A entrada no século XXI, marcou também a exposição mais ou menos massificada de duas cinematografias europeias, que tradicionalmente tinham pouca expressão no estrangeiro. Ambas conseguiram mesmo conquistar o direito a uma outra presença e visibilidade nos festivais e mercados internacionais, arrebatando até alguns prémios importantes. Posto isto, coincidentemente ou não, ambas parecem funcionar como um contraponto perfeito da outra. A primeira ambicionou desmontar normas sociais, com base num surrealismo francamente satírico, mas, eternamente desencantado. A segunda excluiu quaisquer artifícios estéticos ou narrativos, e abraçou um realismo austero e contundente.
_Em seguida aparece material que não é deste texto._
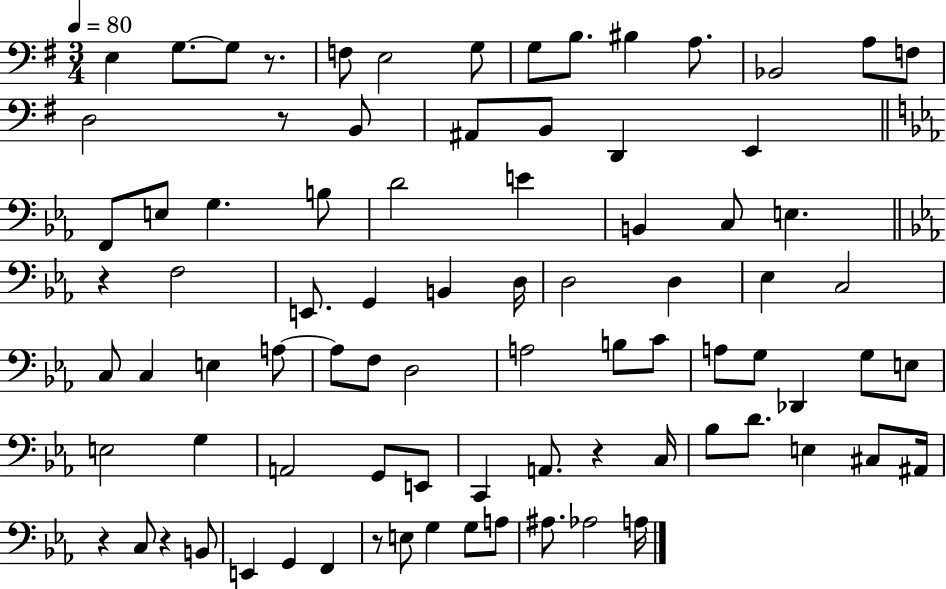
E3/q G3/e. G3/e R/e. F3/e E3/h G3/e G3/e B3/e. BIS3/q A3/e. Bb2/h A3/e F3/e D3/h R/e B2/e A#2/e B2/e D2/q E2/q F2/e E3/e G3/q. B3/e D4/h E4/q B2/q C3/e E3/q. R/q F3/h E2/e. G2/q B2/q D3/s D3/h D3/q Eb3/q C3/h C3/e C3/q E3/q A3/e A3/e F3/e D3/h A3/h B3/e C4/e A3/e G3/e Db2/q G3/e E3/e E3/h G3/q A2/h G2/e E2/e C2/q A2/e. R/q C3/s Bb3/e D4/e. E3/q C#3/e A#2/s R/q C3/e R/q B2/e E2/q G2/q F2/q R/e E3/e G3/q G3/e A3/e A#3/e. Ab3/h A3/s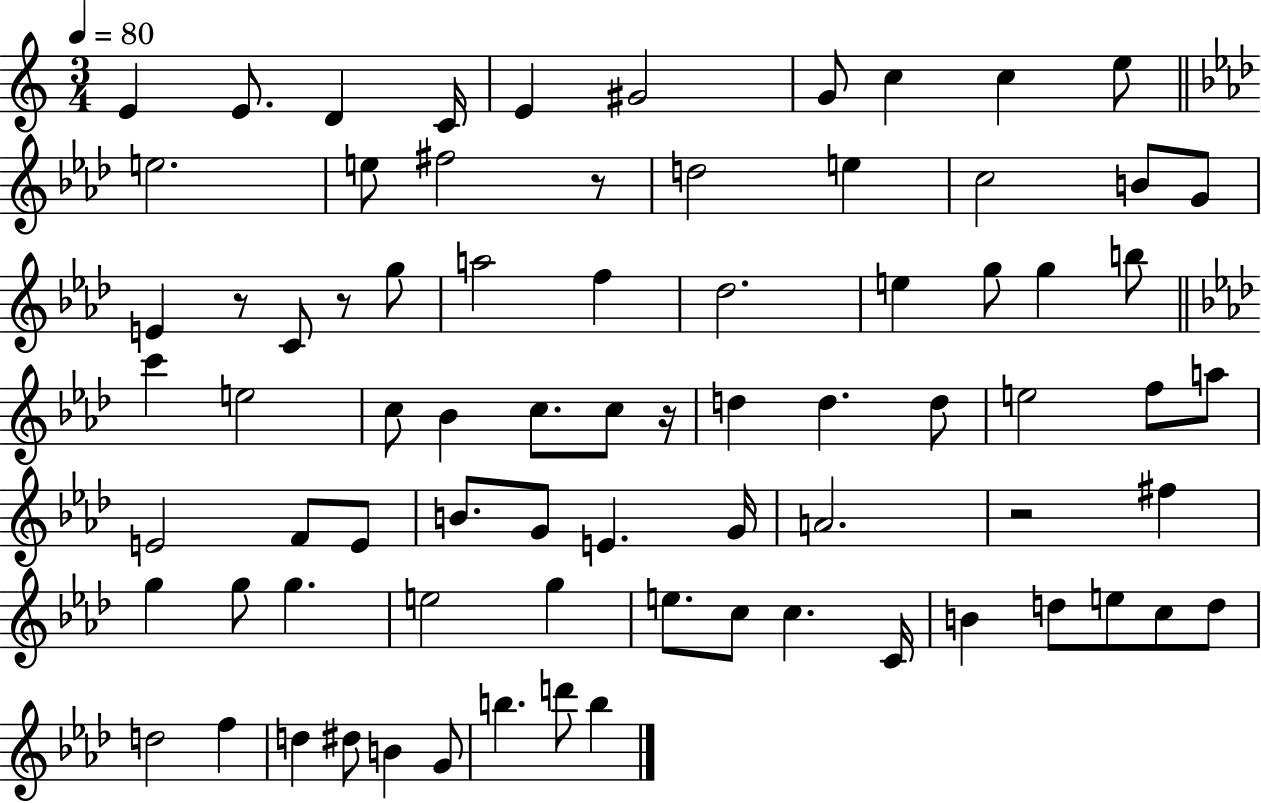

E, porque é mesmo acerca dos filmes romenos que temos podido ver, que nos debruçamos hoje, digamos que esse é um olhar que conhecemos desde obras valorosas como “A Morte do Sr. Lazarescu” ou “4 Meses, 3 Semanas e 2 Dias”, e que voltamos a encontrar em “Ana, Meu Amor”, quarta longa-metragem de Călin Peter Netzer (conhecíamo-lo do extraordinário “Mãe e Filho”), que poderíamos descrever como um conto profundamente romanesco, em torno dos muitos paradoxos e contradições dos laços humanos.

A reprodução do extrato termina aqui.